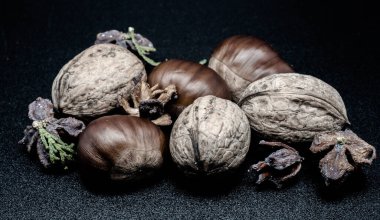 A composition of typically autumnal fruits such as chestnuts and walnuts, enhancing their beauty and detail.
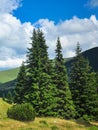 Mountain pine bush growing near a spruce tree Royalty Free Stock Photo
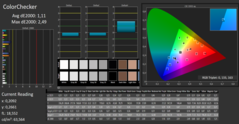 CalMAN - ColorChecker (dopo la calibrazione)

§ **WORK ORDER**: Type out the data above again exactly as written, minus the images.

§ **EXERCISE OUTPUT**:
 A composition of typically autumnal fruits such as chestnuts and walnuts, enhancing their beauty and detail.
 Mountain pine bush growing near a spruce tree Royalty Free Stock Photo
 CalMAN - ColorChecker (dopo la calibrazione)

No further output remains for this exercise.